Jests and scoffs do lessen majesty and greatness and should be far from great personages and men of wisdom.

—Henry Peacham, 1622

Comedy, like sodomy, is an unnatural act.

—Marty Feldman, 1969

It is easy to distinguish between the joking that reflects good breeding and that which is coarse—the one, if aired at an apposite moment of mental relaxation, is becoming in the most serious of men, whereas the other is unworthy of any free person, if the content is indecent or the expression obscene.

—Cicero, c. 44 BC

There is nothing sillier than a silly laugh.

—Catullus, c. 60 BC

Wit enables us to act rudely with impunity.

—La Rochefoucauld, 1678

Jokes are grievances.

—Marshall McLuhan, 1969

I said of laughter, “It is mad,” and of pleasure, “What use is it?”

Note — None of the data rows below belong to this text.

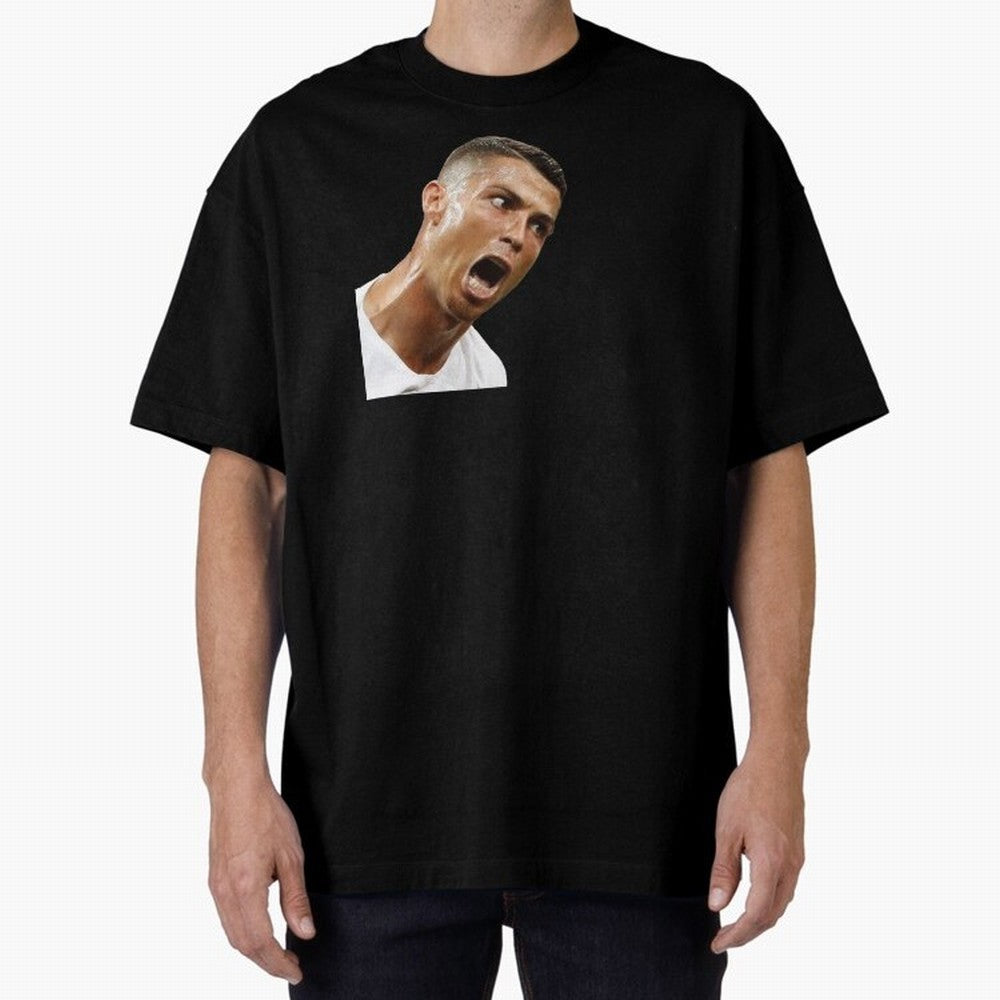 cristiano ronaldo siuuu meme Oversized T-Shirt Keep Football History Alive during the FIFA World Cup 2026 Journey through Messi and Cristiano Ronaldo Highlights, Brazil, Portugal and Argentina Pride, Football Festival Excitement, Trophy Ambitions,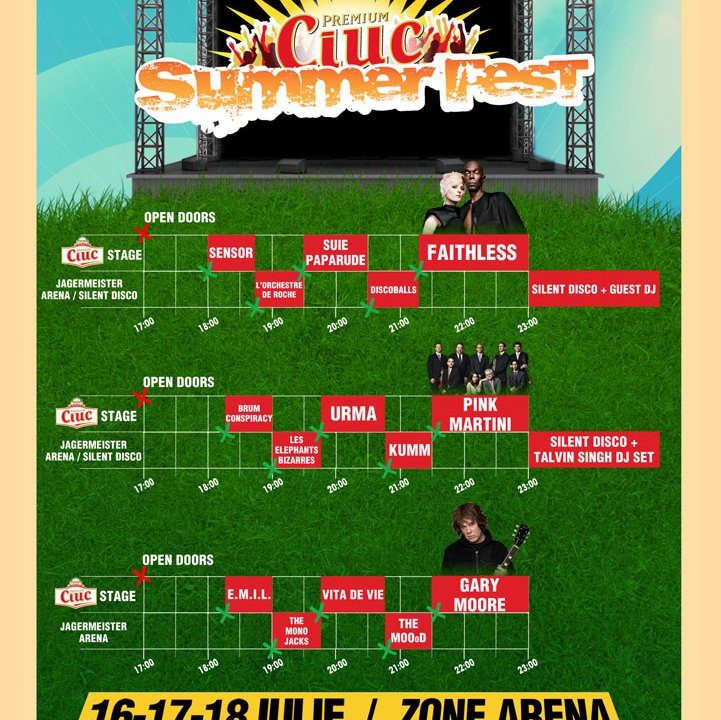 Program Ciuc Summer Fest
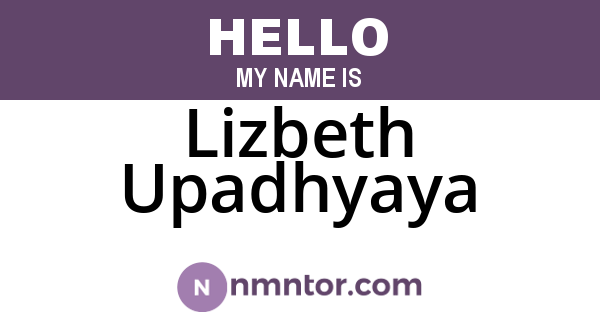 Lizbeth Upadhyaya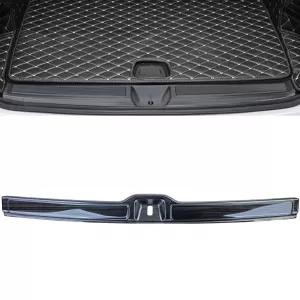 image-57-Rozsdamentes acél csomagtér küszöbvédő fekete belső lökhárítóhoz Mercedes GLC X253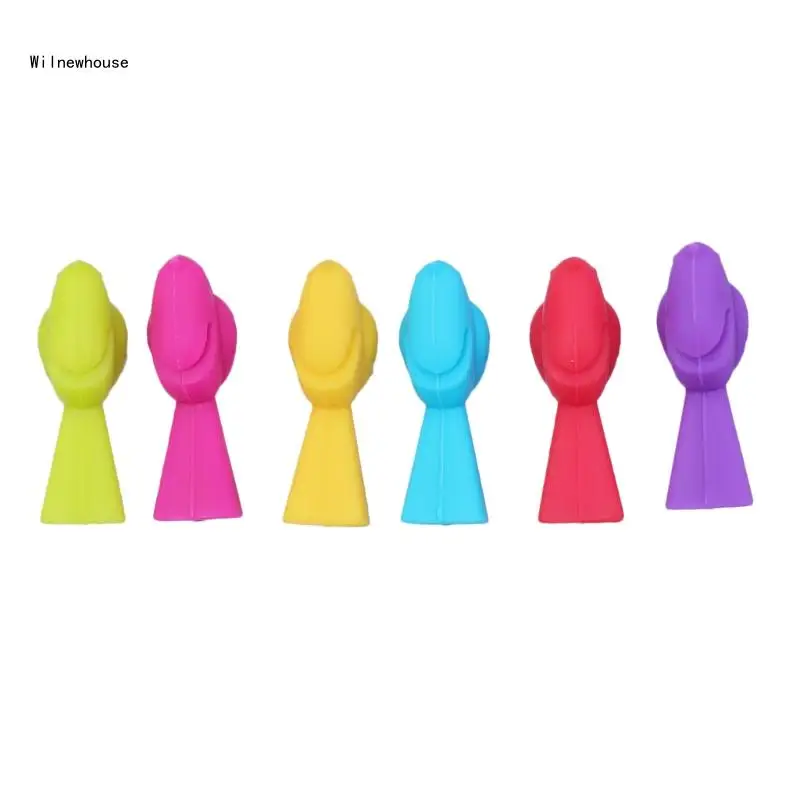 

Wine Glass Markers Set of 6 Bird Silicone Drink Glass Tags Recognizer Cup Labels Signs Distinguisher Dropship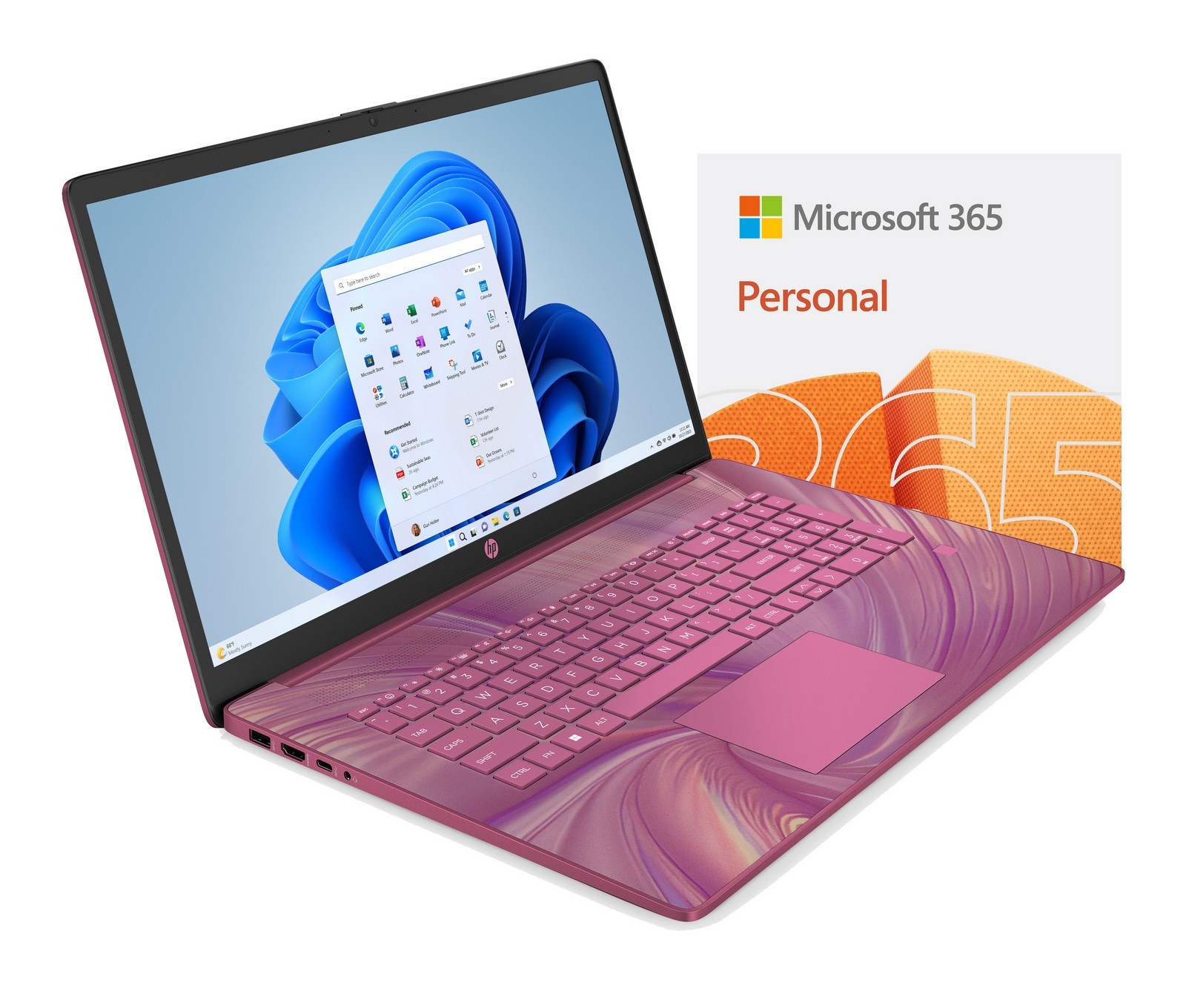 HP 17-cn3104ds / A59W2UA / Office 365 / Intel N200 / 8GB / 128GB USF / Intel UHD / HD+ / Win 11 / Fioletowy A59W2UA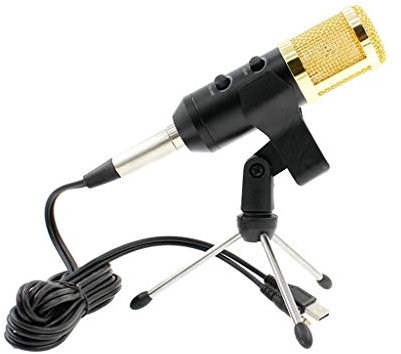 Msuiiixcccc Microphone Professional USB Condenser Microphone for Computer Studio Karaoke Mic for Video Recording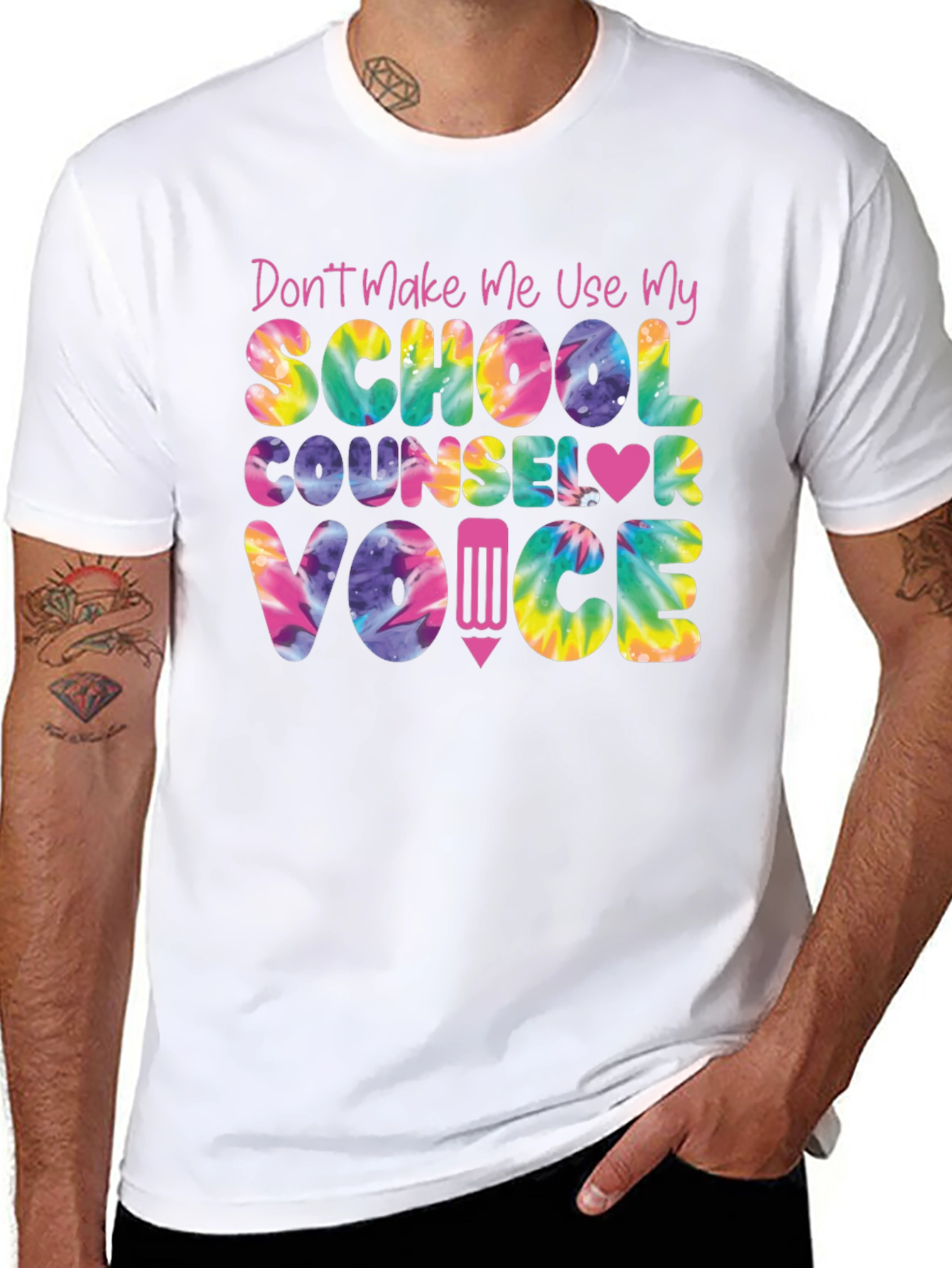 School Counselor Tie Dye T-Shirt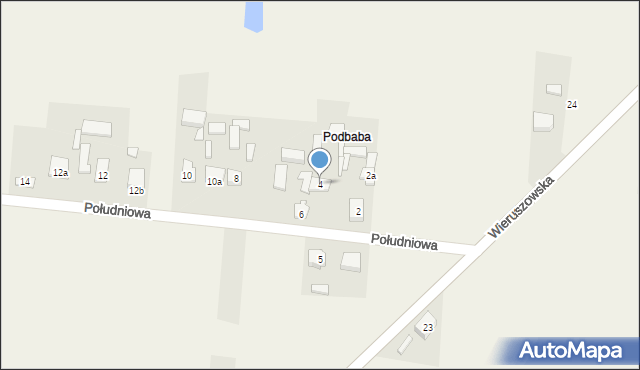 Galewice, Południowa, 4, mapa Galewice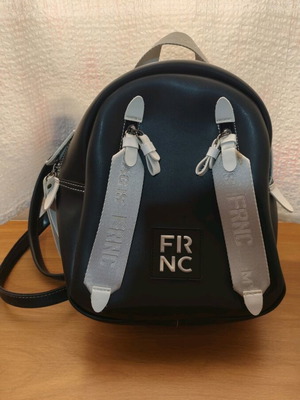 FRNC backpack black and white like new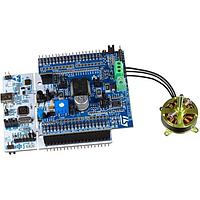 STMicroelectronics P-NUCLEO-IHM002 Brushless DC Motion Controller Motor Control Nucleo Pack NUCLEO-F302R8, X-NUCLEO-IHM07M1 and power supply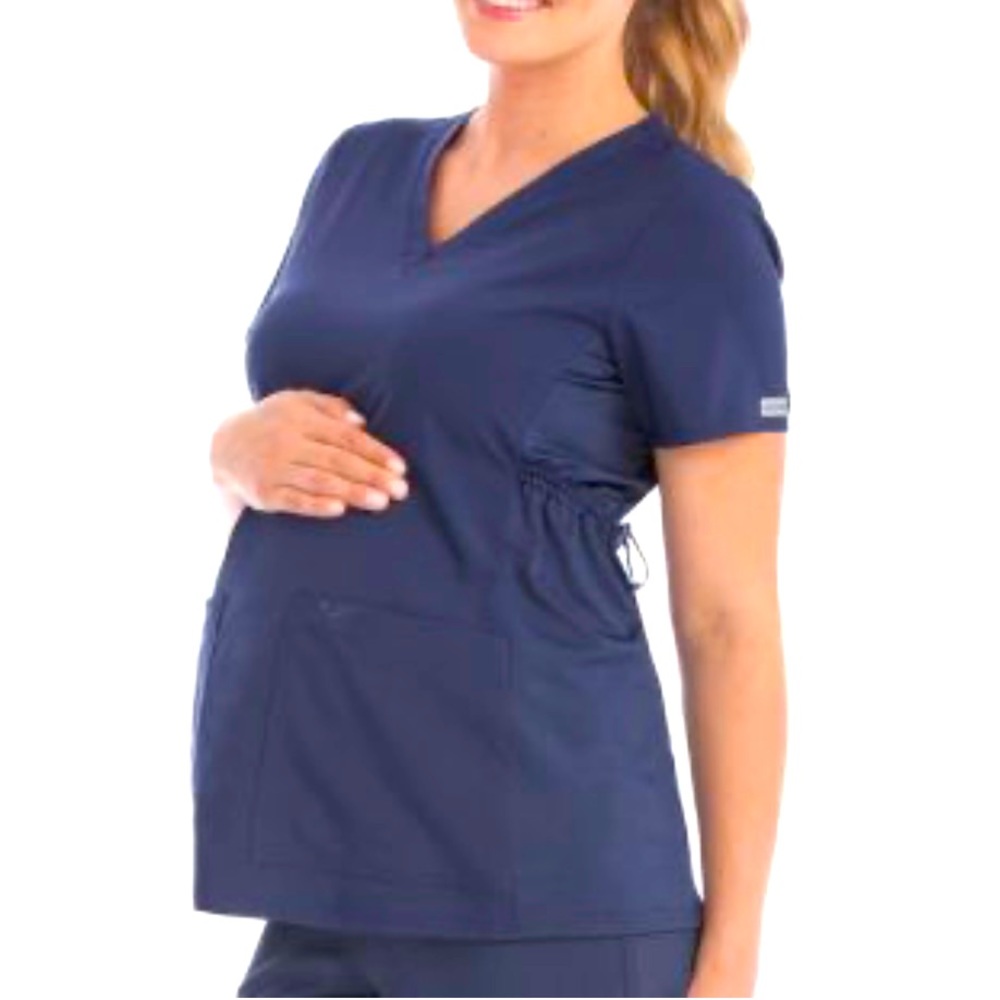 NWT Med Couture Maternity Scrub Top, Plus+One 4-Way Energy Stretch, Old Navy, L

—Book of Ecclesiastes, 225 BC

A jest breaks no bones.

—Samuel Johnson, 1781

Jesters do oft prove prophets.

—William Shakespeare, c. 1605

Some things are privileged from jest—namely, religion, matters of state, great persons, all men’s present business of importance, and any case that deserves pity.

—Francis Bacon, 1597

Laughter always arises from a gaiety of disposition, absolutely incompatible with contempt and indignation.

—Voltaire, 1736

No man ever distinguished himself who could not bear to be laughed at.

—Maria Edgeworth, 1809

He who laugheth too much, hath the nature of a fool; he that laugheth not at all, hath the nature of an old cat.